Comic and film actor King has appeared in such movies as "Night and the City," "Enemies: A Love Story" and "Bonfire of the Vanities." For some years, he has been slated to star in a developing Cy Coleman musical called It's Good to Be Alive, in which he would play the acting managing director of a struggling theatrical troupe in the '20s, during the heyday of Yiddish theatre in New York City.
Mr. Goldwyn will play the Powerhouse July 25-Aug. 4.
Also at the Powerhouse is Hurdy Gurdy Man, Dick Beebe's play about a nice Boston butcher who makes a bet in a bar one night and lives to pay the weighty price. The work was workshopped at NYS&F last summer, in a production directed by Sheryl Kaller, and starring Maryann Plunkett, Jay O. Sanders and Cotter Smith. Kaller and Sanders repeat their duties.

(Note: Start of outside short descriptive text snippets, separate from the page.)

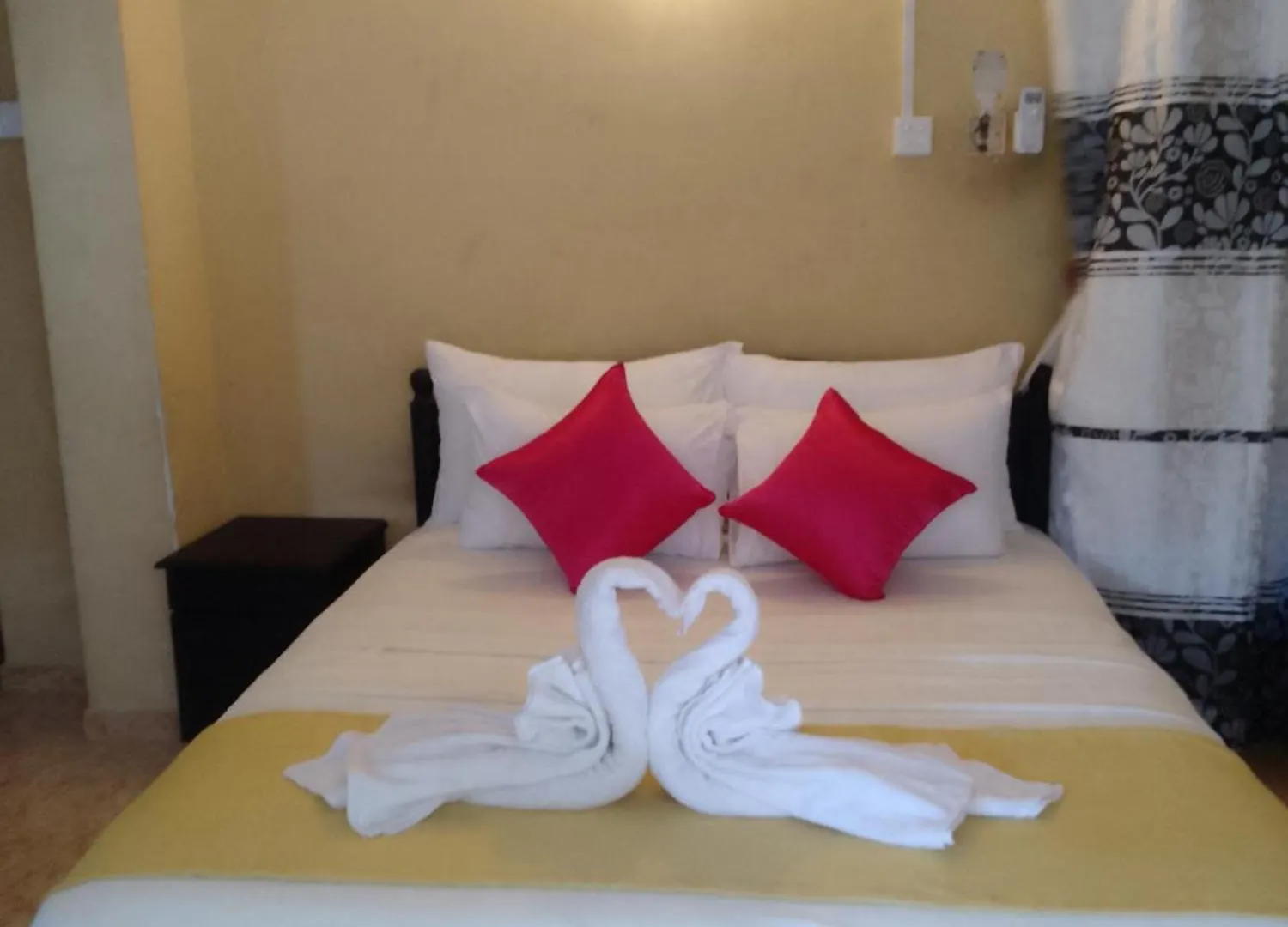 Steur Villa Negombo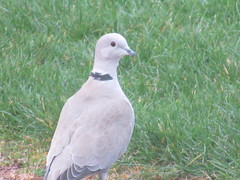 Streptopelia decaocto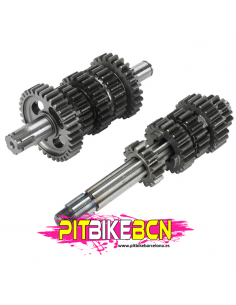 Caja de cambios completa para motor zs190
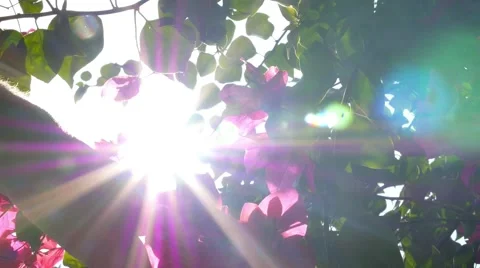 Hand Reaching the Sun through Pink Flowers. Slow Motion 스톡 동영상 48161354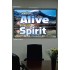 ALIVE BY THE SPIRIT   Framed Guest Room Wall Decoration   (GWPOSTER6736)   "38x26"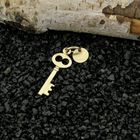 Image 2 of Gold pendant of a lucky key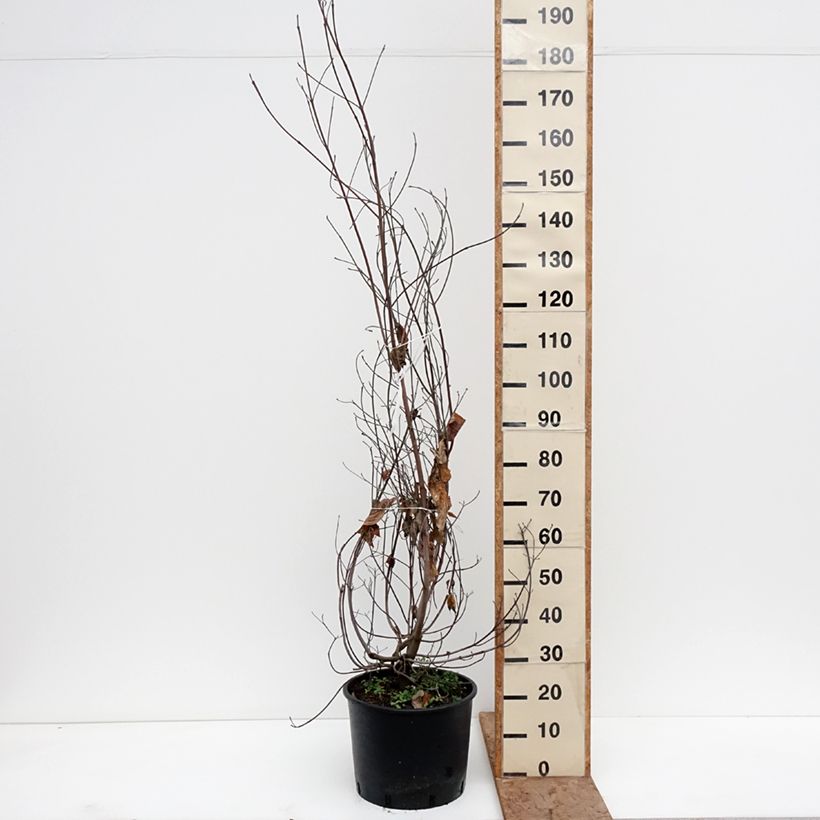 Exemplar von Amerikanischer Blumen-Hartriegel - Cornus florida Topf mit 18L/20L wie im Winter geliefert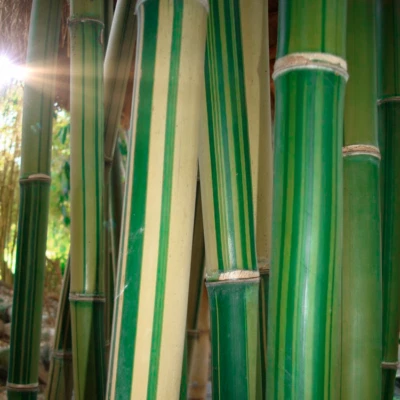 Gigantochloa Bicolor (Giant Striped Clumping Bamboo) 3-20 SEEDS •Plants Trees UK - Image 1 of 3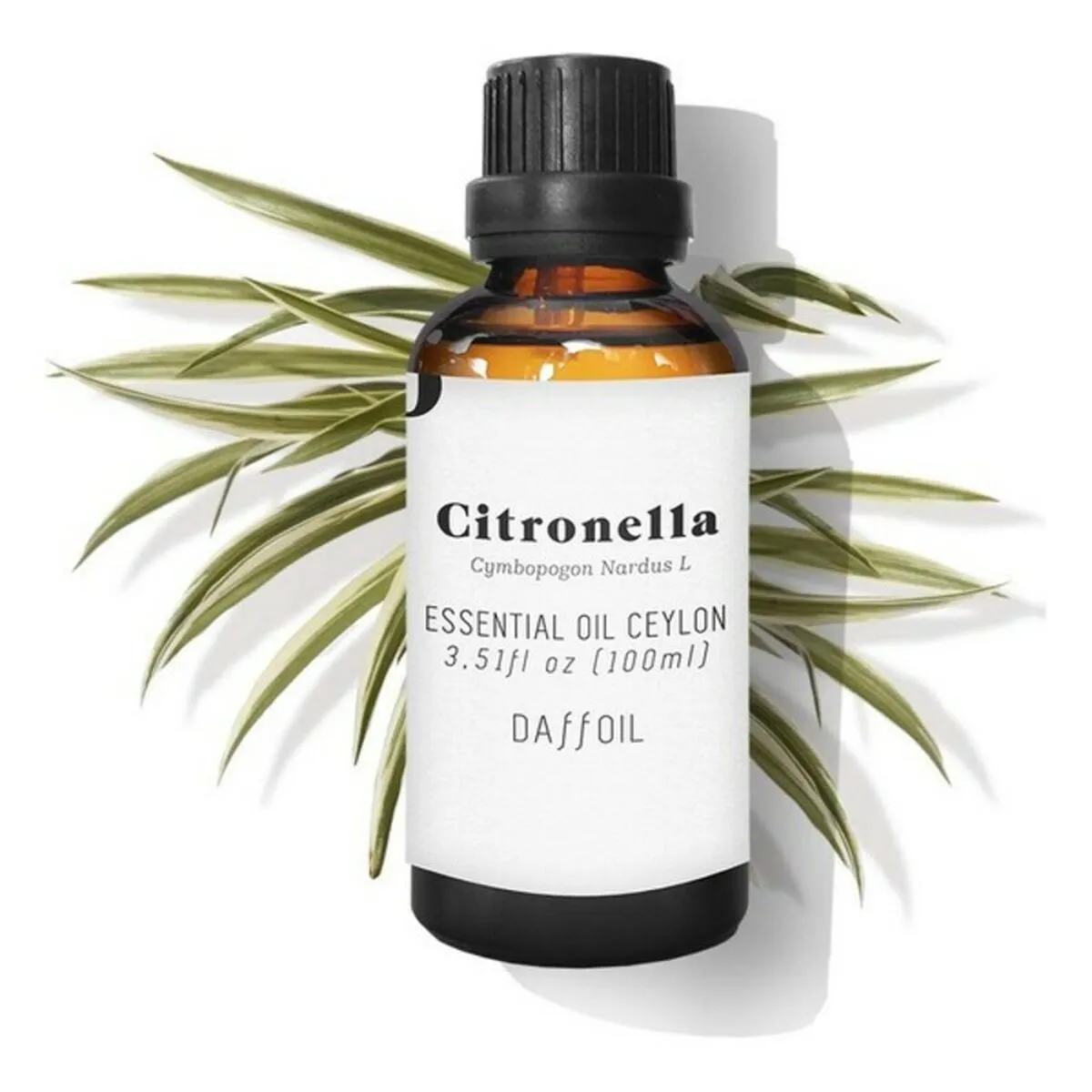 Olio Essenziale Citronella Daffoil DAFFOIL 100 ml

The show runs July 11-21.
On the Susan Stein Shiva Theatre stage, meanwhile, Tom Donaghy's Boys and Girls will play June 29-July 1. The new work by the author of Minutes from the Blue Route and Northeast Local is about two couples, one male and one female, with a history "of loss and love."
Concluding the Shiva schedule are Strange Grace by Jane Shepard (July 20-22) and Good Thing by Jessica Goldberg (July 27-29).